• **Task statement**
Nothing but the lines from the one with "141020 - Bulgaria" down to the one with "Photo - 538 Willow Grv Ct" should be returned, exactly and with both ends included, from the material below.

• **Given data**
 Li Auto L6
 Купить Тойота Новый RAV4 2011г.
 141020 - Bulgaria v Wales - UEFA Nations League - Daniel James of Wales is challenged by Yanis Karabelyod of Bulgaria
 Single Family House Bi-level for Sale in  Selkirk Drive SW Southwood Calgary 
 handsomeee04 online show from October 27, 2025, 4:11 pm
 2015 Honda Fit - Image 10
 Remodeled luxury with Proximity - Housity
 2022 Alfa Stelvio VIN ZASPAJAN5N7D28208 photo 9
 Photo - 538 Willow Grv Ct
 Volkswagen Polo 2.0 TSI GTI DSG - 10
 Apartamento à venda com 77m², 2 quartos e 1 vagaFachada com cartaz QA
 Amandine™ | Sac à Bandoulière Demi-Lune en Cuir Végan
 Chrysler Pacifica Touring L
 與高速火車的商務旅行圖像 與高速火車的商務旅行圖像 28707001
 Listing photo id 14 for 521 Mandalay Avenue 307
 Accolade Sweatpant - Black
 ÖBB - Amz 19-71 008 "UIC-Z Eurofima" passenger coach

• **Answer to the exercise**
 141020 - Bulgaria v Wales - UEFA Nations League - Daniel James of Wales is challenged by Yanis Karabelyod of Bulgaria
 Single Family House Bi-level for Sale in  Selkirk Drive SW Southwood Calgary 
 handsomeee04 online show from October 27, 2025, 4:11 pm
 2015 Honda Fit - Image 10
 Remodeled luxury with Proximity - Housity
 2022 Alfa Stelvio VIN ZASPAJAN5N7D28208 photo 9
 Photo - 538 Willow Grv Ct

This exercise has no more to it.